*Data block*.
··········

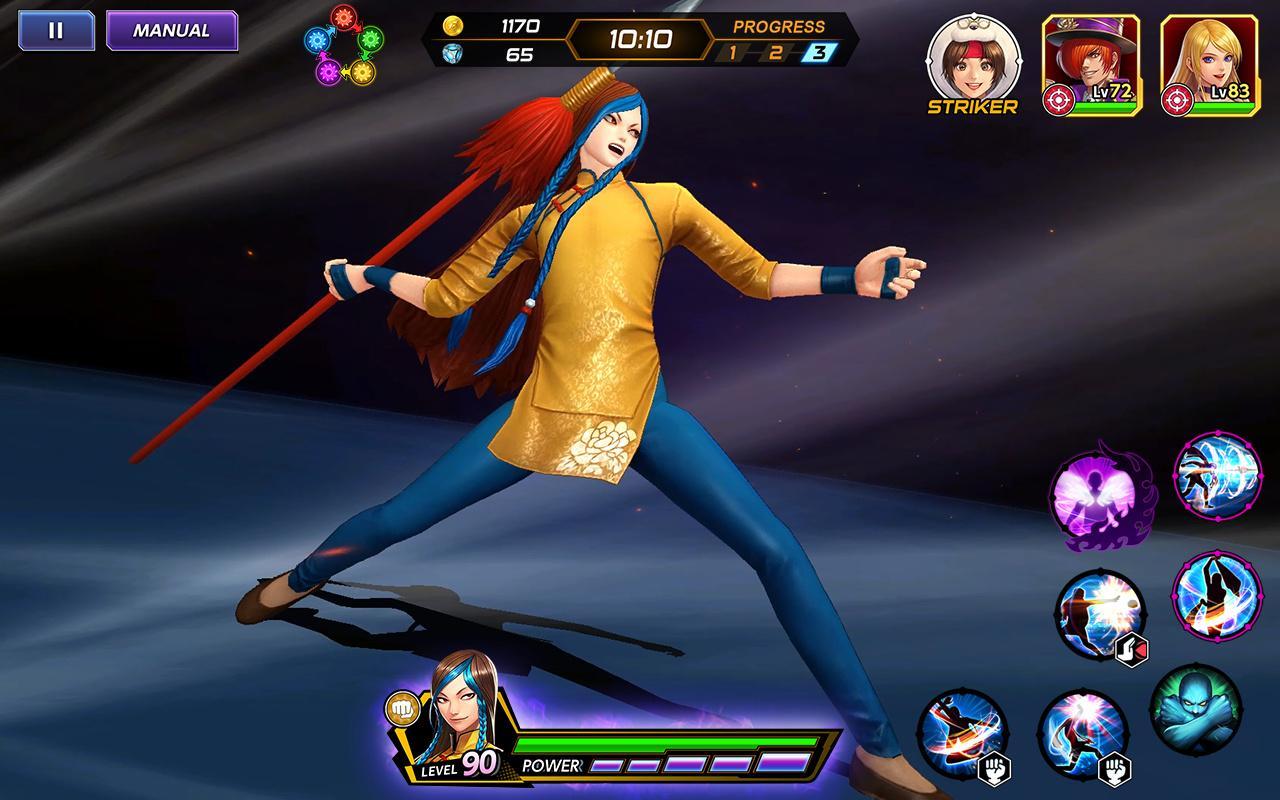 The King Of Fighters Allstar For Android Apk Download
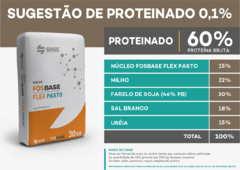 NÚCLEO FOSBASE FLEX PASTO 30 KG (5 UNIDADES) - comprar online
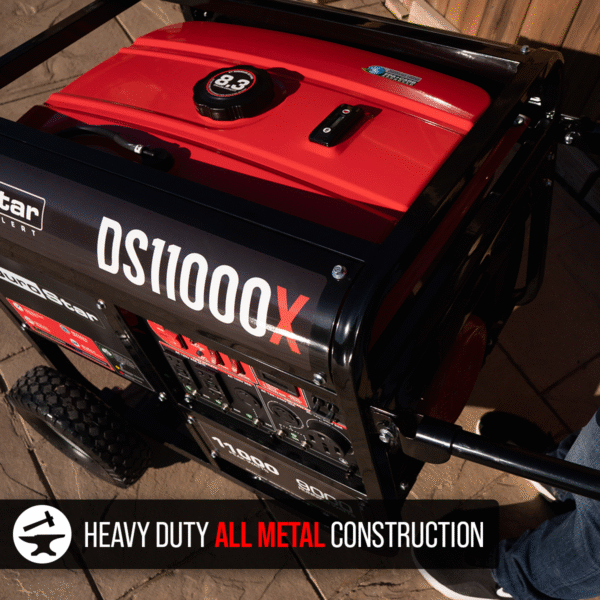 11,000 Watt Gasoline Portable Generator w/ CO Alert - Image 27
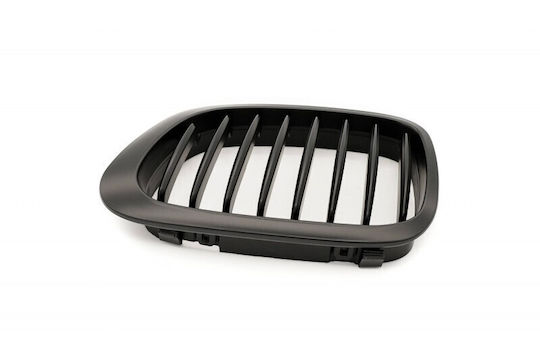 Falsă Acoperire Capotă Motor Bandă Simplă Neagră Mat BMW 3 E46 Coupe 51138208683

··········

*Task to carry out*.
Please output the lines from the line that holds "11,000 Watt Gasoline" through the final line of the material above, both included. Each line must match exactly, and pictures must be excluded.

*Solution to this problem*.
 11,000 Watt Gasoline Portable Generator w/ CO Alert - Image 27
 Falsă Acoperire Capotă Motor Bandă Simplă Neagră Mat BMW 3 E46 Coupe 51138208683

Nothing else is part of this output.